The inductor had a 75 volt TVS across it to protect the bridge rectifier it fed, which consisted of 4 1N4148 diodes with a 4 nS response time. This drove a pulse stretcher made with a 4.7 K resistor and a 470pF capacitor to ground.

This went to our display board where that stretched signal drove a 2N3904 NPN transistor, which drove the trigger input of a CMOS 555 timer. It had a fixed pulse width of 1 mS to drive a simple LCD counter with its own built-in lithium battery and reset button.

These few parts were needed because the counter could not sense nS or even uS wide pulses, so it was best just to rectify it and stretch it. It also prevented the counting of individual pulses from the same surge event, like those ring waves shown by the OP. That entire wave counts as only one surge event.

This meant that surges over 400 amps (to ignore contactor noise, etc) could not be counted faster than a 1 mS delay would allow. This was very practical because an identical lightning surge on the same lines would be at least a minute later, if at all.
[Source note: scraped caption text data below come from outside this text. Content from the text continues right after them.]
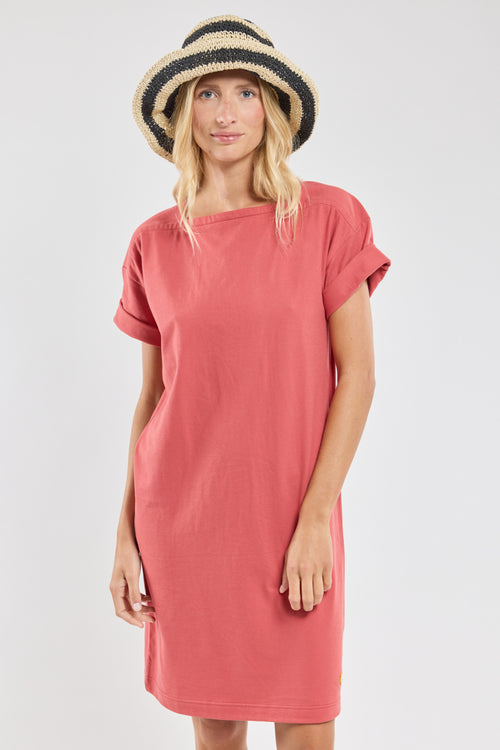 Kleid mit U-Boot-Ausschnitt – Baumwolle - Armor-lux - 1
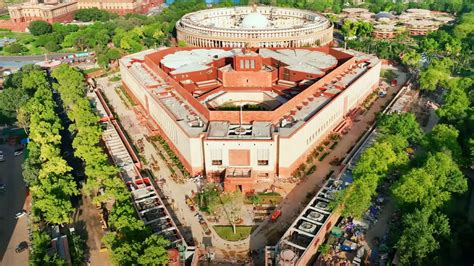 17 inside photos of India's new Parliament building which is built at a cost of Rs 971 Crore ...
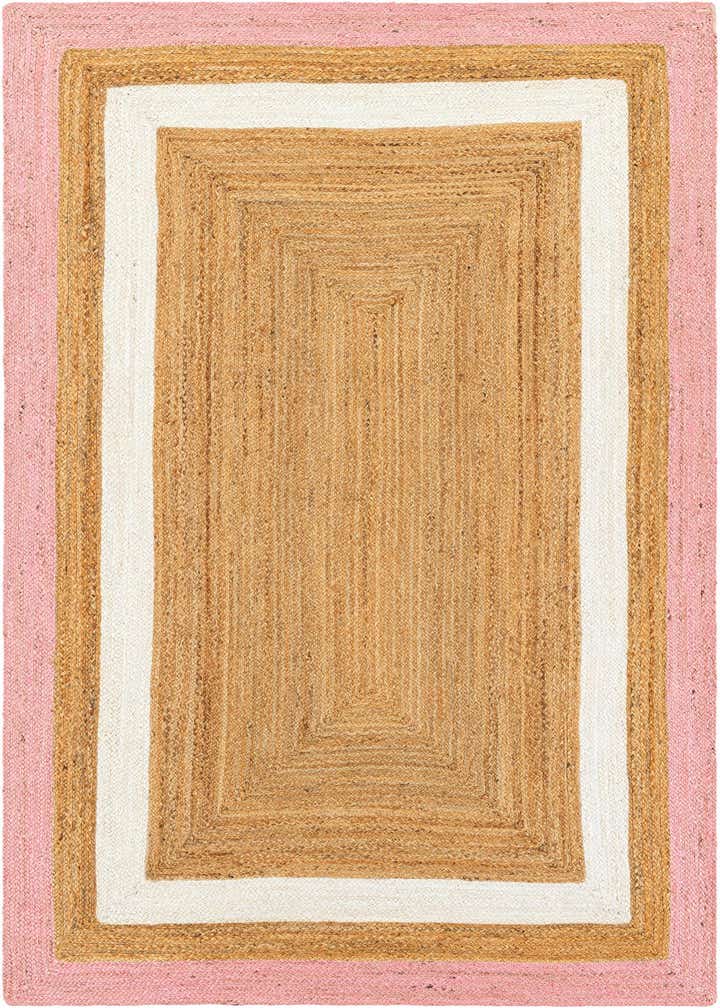 5' 1 x 8' Handmade Braided Jute Rug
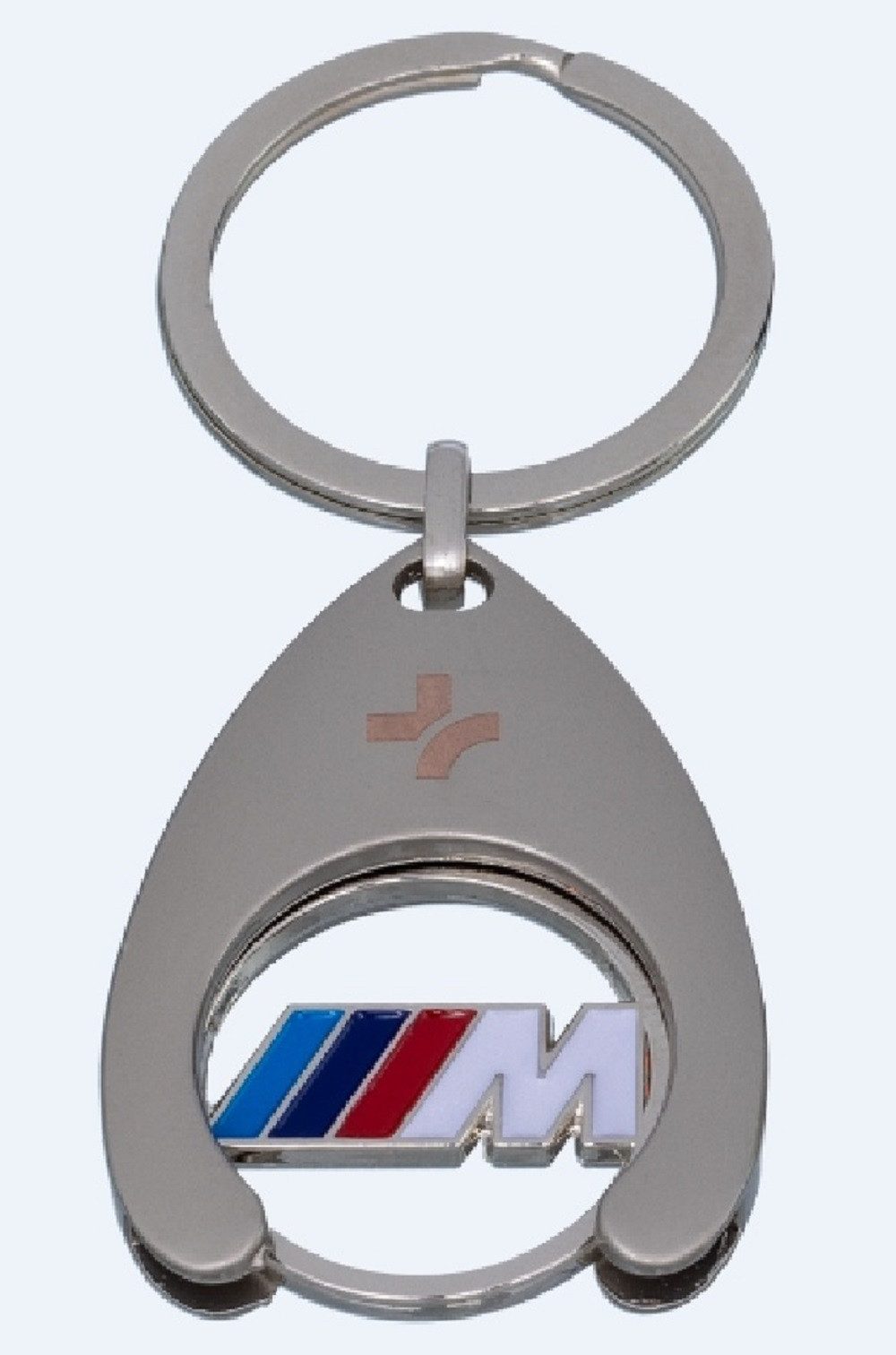 BMW Schlüsselanhänger BMW M Perfomance Schlüsselanhänger Einkaufswagenchip Keyring Chip (1-tlg)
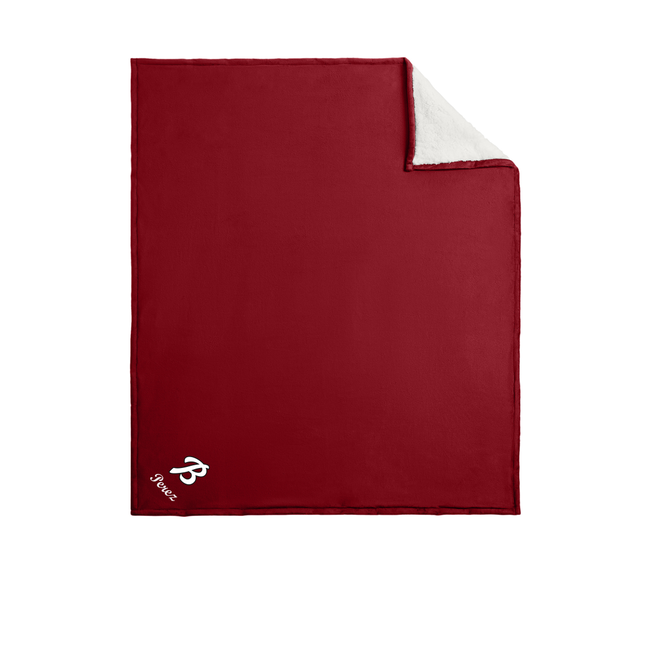 Burroughs Micro Mink Sherpa Blanket 50" x 60"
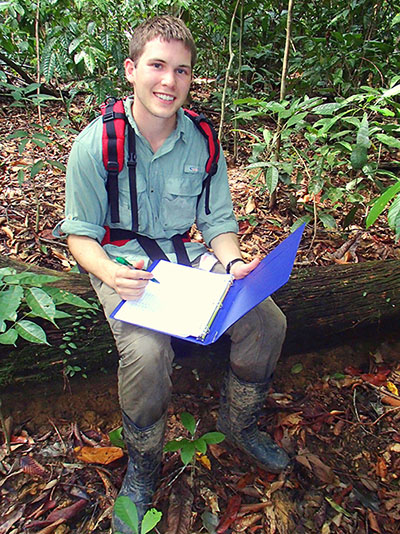 photo of Brandon Woods in Borneo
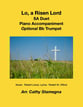 Lo, a Risen Lord (SA Duet, Piano Accompaniment, Optional Bb Trumpet) Vocal Solo & Collections sheet music cover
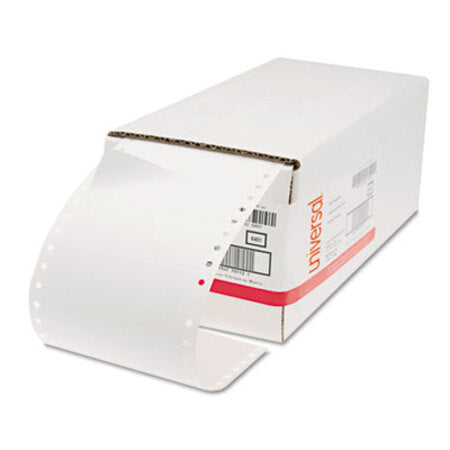 Universal® Dot Matrix Printer Labels, Dot Matrix Printers, 1.44 x 4, White, 5,000/Box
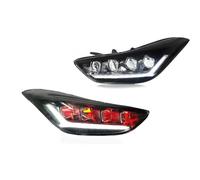 Headlight Assemblies Compatible With Hyundai For Elantra 2011 2012 2013 2014 2015 2016 Headlights Assembly Sedan Coupe With Sequential Startup Show Devil Eye 4-Lens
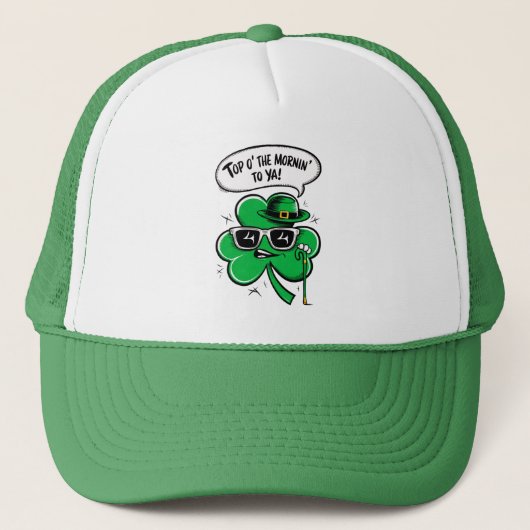 Top O' The Morning' Shamrock Trucker Pet (Voorkant)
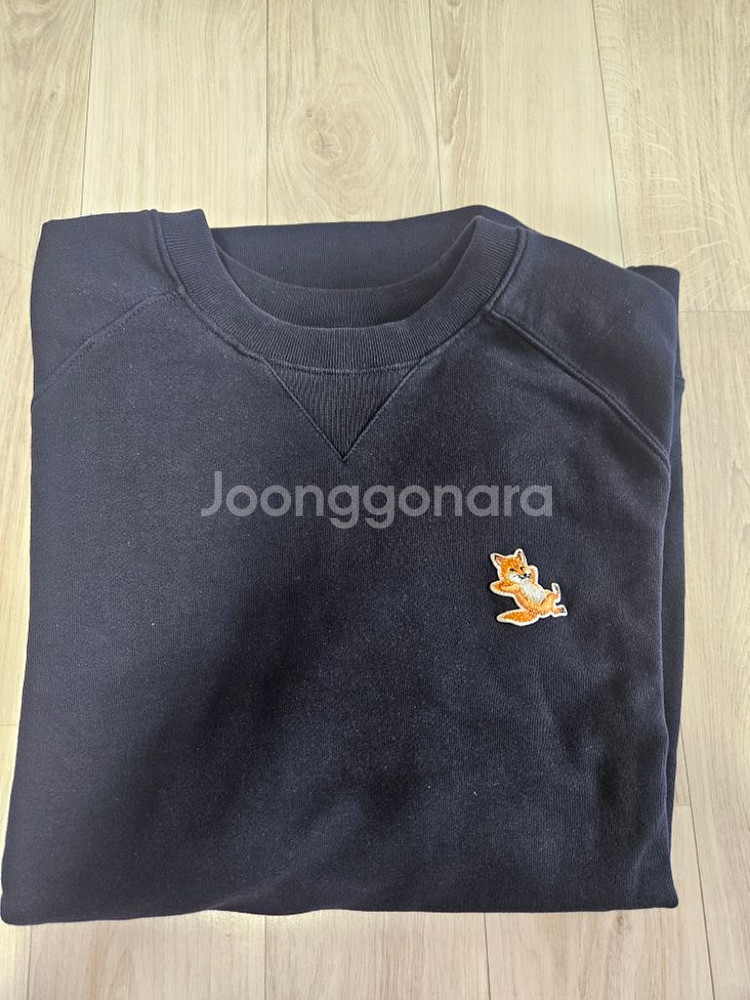 메종키츠네 네이비 맨투맨 L--0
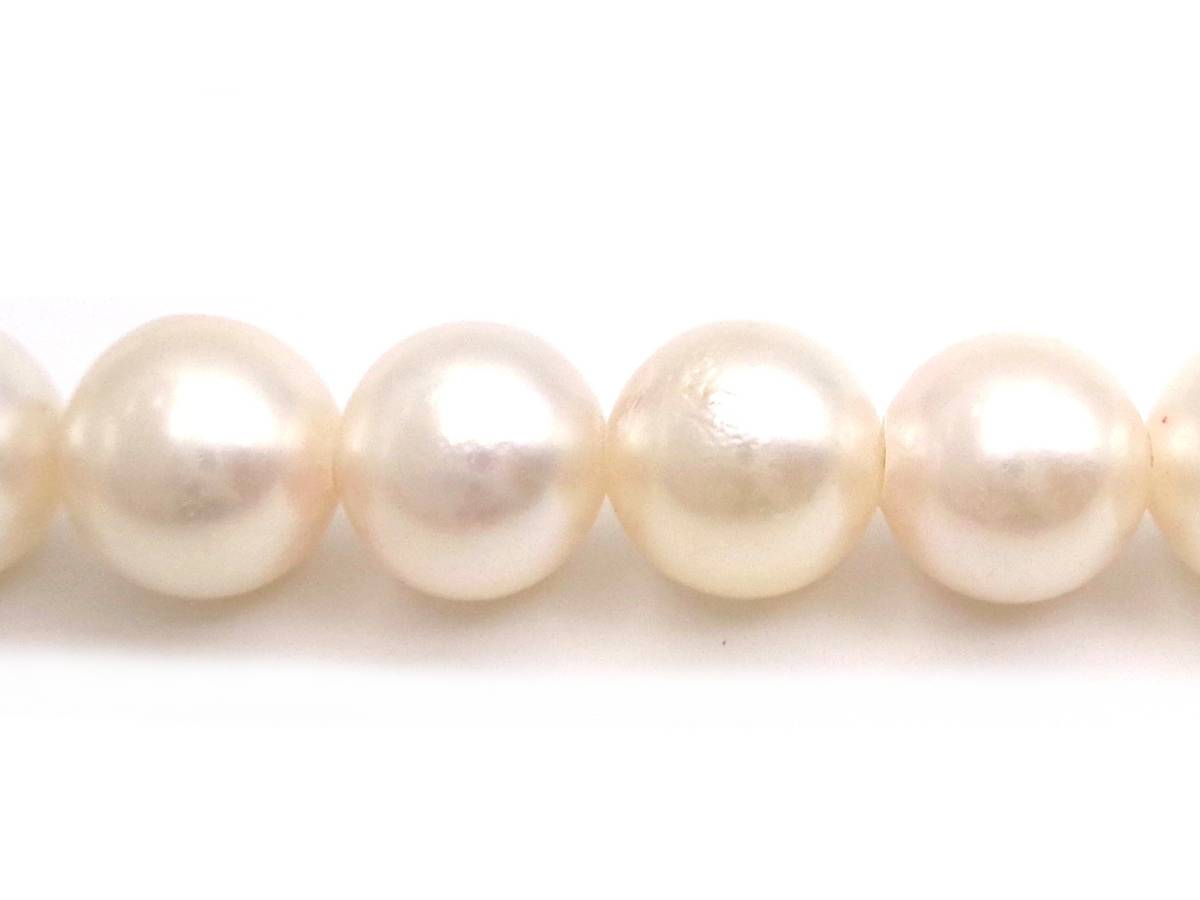 ape268○SV金具 アコヤ真珠/パール ネックレス 約8.5mmから約9.0mm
I freely give up this once private information because over 7 years have passed and UL has constantly been updating what it considered a valid test.

EDIT: To capture a 'live' or high-powered pulse that is many thousands of voltage and thousands of amps, there is NO cheap way to do so.

Pearson Electronics of California has a monopoly on high current-high frequency CT's. One rated at 200 kA and -3 dB at 1 MHZ cost about $1,200 USD.

To measure voltage across a load we used Tektronix high voltage probes in differential mode. The are rated at 100 M ohm 15 pF - 3dB at 75 MHZ, and 40 kV max AC plus peak. They divided the input by 1,000. The probe ground wires were NOT used.The MOVs we tested clamped at 2 kV max for a 40 mm MOV rated for 1000 VAC. If an open circuit occurred the worst the probes would see is the 32 KVDC charge from the capacitor bank.

Because we did official UL testing we had a Tektronix Dual-channel oscilloscope sampling at 100Msps. They (and us) were only concerned that the large 40 mm MOV's could survive a 20 kA pulse, which took about 22 kVDC on the capacitor bank.

As soon as the capacitor bank had charged to the correct voltage, my software activated a heavy air-driven contactor that dumped the charge into the DUT (Device Under Test).

The point I am making is that testing of really powerful surges, especially to UL standards is very expensive. Our capacitor bank was 30 each 1.8 uF 60 kV capacitors with 3/4-10 threaded rod sticking out the top. They were $3,000 each.

I was writing the software in LabView while this was being built so I built an emulation circuit with 30 volt/10 amp surges and just added emulated and simulation modes to the software to scale everything as needed. It gave me the same wave forms with a million times less power.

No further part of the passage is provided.